Assigned task: The whole listing should be retyped word for word, apart from the pictures it holds.

=== Data section ===

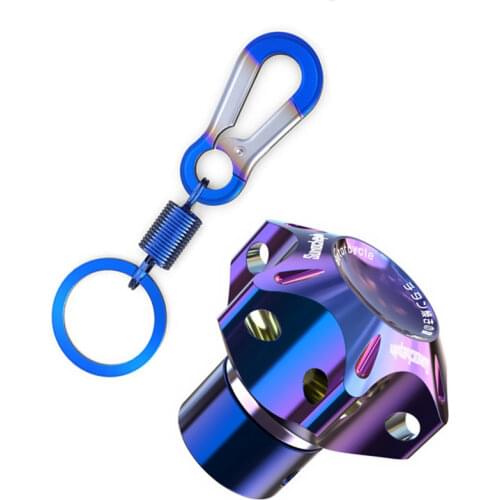 General Cnc Modified Burnt Titanium Alloy Key Head Racing Boat Hexagonal Burnt Titanium Motorcycle Key Head Key Chain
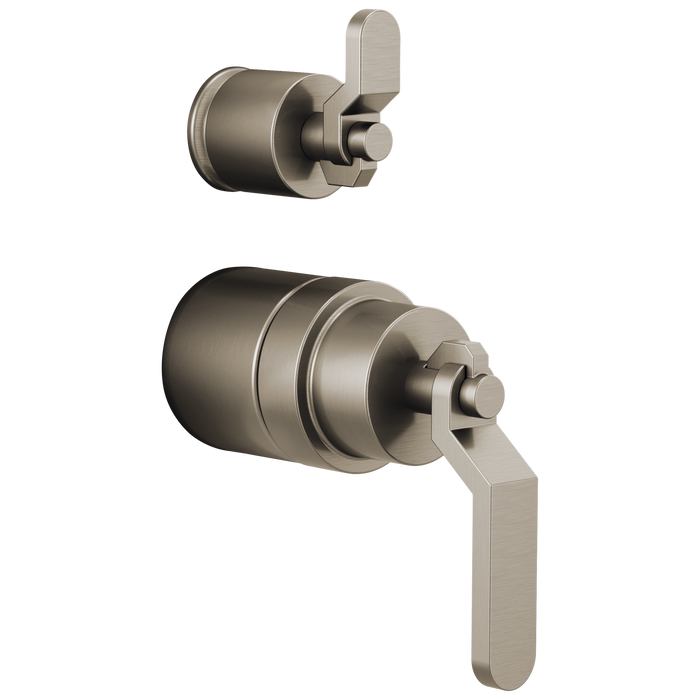 Brizo Litze HL75P34 Pressure Balance Valve with Integrated Diverter Trim Industrial Lever Handle Kit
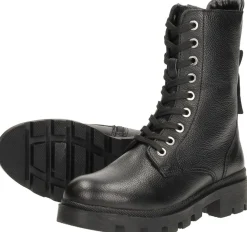Sub55 Veterschoen hoog Zwart Clearance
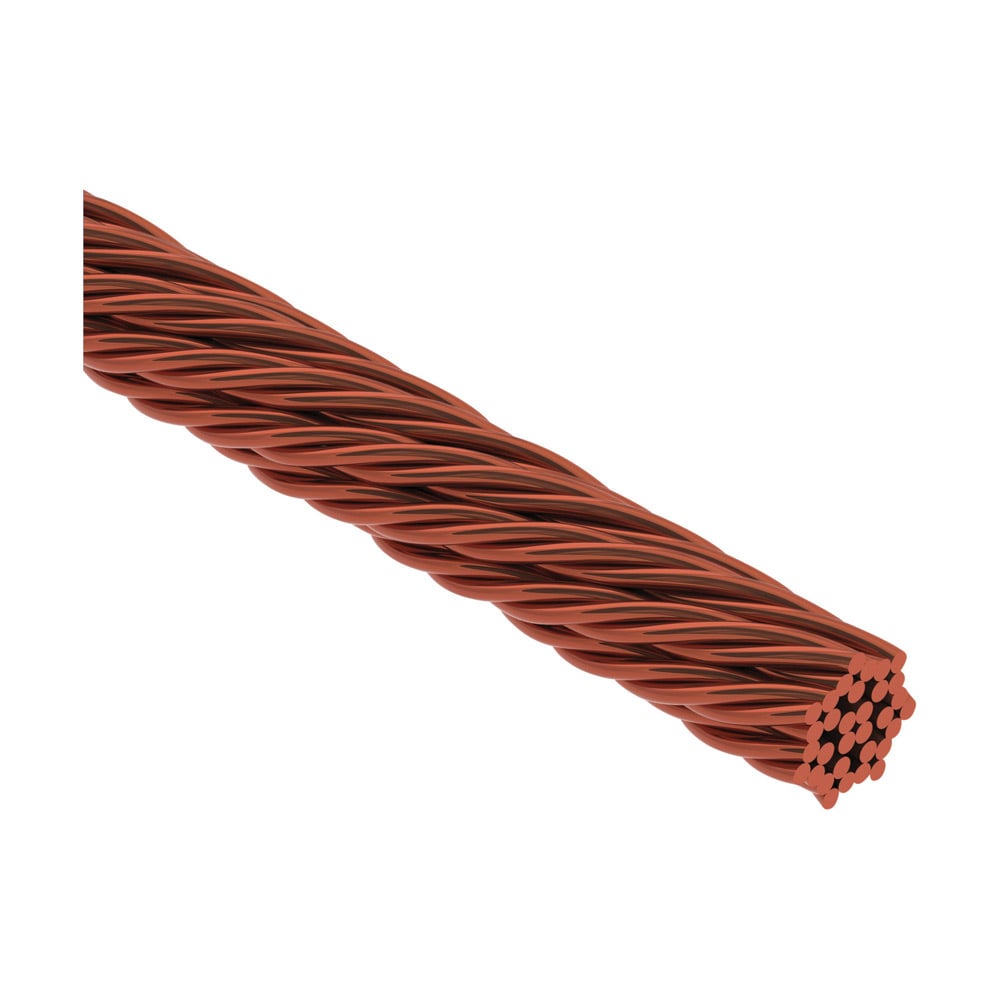 Non-Insulated Stranded Conductor for Lightning Protection, Copper, Ropelay, 132.52 kcmil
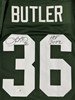 LEROY BUTLER SIGNED CUSTOM REPLICA PACKERS GREEN JERSEY W/ HOF 22 - JSA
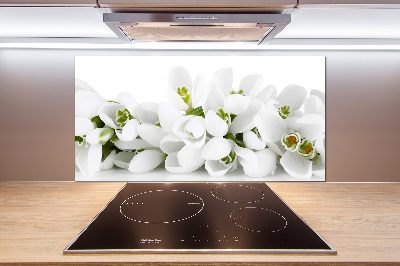 Cooker splashback Snowdrops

===

Final answer:
 General Cnc Modified Burnt Titanium Alloy Key Head Racing Boat Hexagonal Burnt Titanium Motorcycle Key Head Key Chain
 Brizo Litze HL75P34 Pressure Balance Valve with Integrated Diverter Trim Industrial Lever Handle Kit
Sub55 Veterschoen hoog Zwart Clearance
 Non-Insulated Stranded Conductor for Lightning Protection, Copper, Ropelay, 132.52 kcmil
 LEROY BUTLER SIGNED CUSTOM REPLICA PACKERS GREEN JERSEY W/ HOF 22 - JSA
 Cooker splashback Snowdrops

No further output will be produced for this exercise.